Now that it was she who lay there, pillowed in a heap of flowers, her name struck me anew every time it was said during the liturgy, as if jolting me out of sleep—Lord, receive the soul of Thy servant Vladyslava, and pardon her her sins, whether voluntarily or involuntarily, whether witting or through ignorance—Vladyslava? This is about her? Lord, Vlada! Vladusya, no!—and tears burst from my eyes like from busted pipes, as I watched them lift her coffin, the one that cost “a fortune” and looked small as a child’s—you didn’t really notice how tiny Vlada was while she was alive; there was so incredibly much of her while she talked, moved, and laughed, and maybe that is why she looked held down by force in her coffin, not just dead but really killed, beaten in, and held up to be ogled, to expose how really defenseless she was. As she lay there like that and we stood around her and tried to utter something (I did, too!), and all our words were
so small and pathetic—who could possibly give a damn about who she was to you, mister?—so ill-fitted, even if you put them all together, to measure the thing that was her interrupted life, the same words people would use to talk about other things, after they got home from the funeral and sat drinking tea in their kitchens, that’s when I could tell Vlada I’d have given anything to have someone do “some fine lamenting” over her as they once did over her grandma. I could have told her what we didn’t know before: how your throat swells with your enormous, tumorous muteness, when you don’t know this forgotten ancient ritual, the only one, as it became clear, fit for minutes like these, the one meant to wash a person’s life just as someone washes her body, as common words could never do, to wash—and raise it above the crowd’s heads to be seen above the coffin, to make it fine. This is not cheating, I said into the silence of my dead line; this was art, Vlada, only no one knew it anymore, and I didn’t either, and the only thing that would come out of me, had I dared to give my soul shape with singing, would be the half-choked mooing of a wounded cow.

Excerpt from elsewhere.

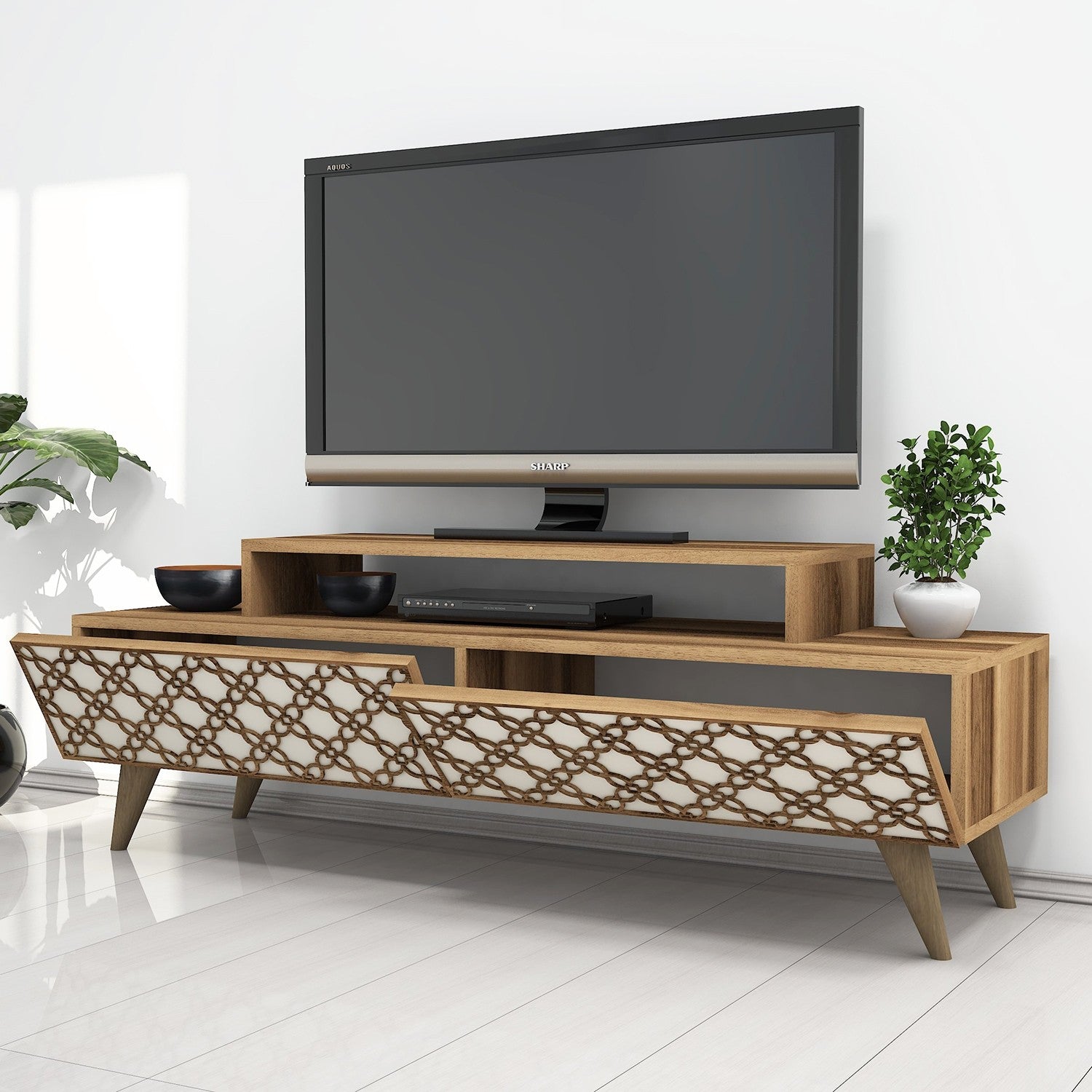 Suporte de TV moderno com prateleiras, nogueira e creme, 140 cm | Painel de partículas 100% revestido de melamina, 18 mm de espessura | Montável na parede, design elegante e funcional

And after this—slowly, drop by drop—the forgetting began.

Lord, is this really all?

***

Daryna Goshchynska gets up from behind her desk, walks to the window, and stands there for a long time, looking through the dark glass at the scattered flickering stars of city lights below. How little light there is in Kyiv—and it’s the capital. One can only imagine what the country looks like. Dark, dark. How poorly we live, Lord, and how bad we are at dying.

“Daryna?” Yurko, a colleague from the evening news, calls out, puzzled. “Why are you sitting in the dark?”

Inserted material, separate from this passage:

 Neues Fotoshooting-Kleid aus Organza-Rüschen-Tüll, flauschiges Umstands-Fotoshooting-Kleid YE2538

A light switch clicks and the window pane projects—suddenly, so it gives her an unpleasant jolt—an image of a beautiful young woman; in the partial light that eats up the details, she is
really young and extraordinarily, piercingly beautiful; it’s almost frightening, this beauty, something pagan, witchy. She’s got long, Egyptian eyebrows and dark lips as if sated with blood—this is not her televised self crafted to make viewers wonder about the designer of her suit and the brand of her lipstick. This face is something carved out of the night by the light of a bonfire—primeval, elementally gorgeous. Before she turns back to the world and Yurko, who has been talking at her all along, Daryna hungrily takes in this impenetrable face, both hers and not her own: so this is what she looks like when she is alone—much stronger than she feels.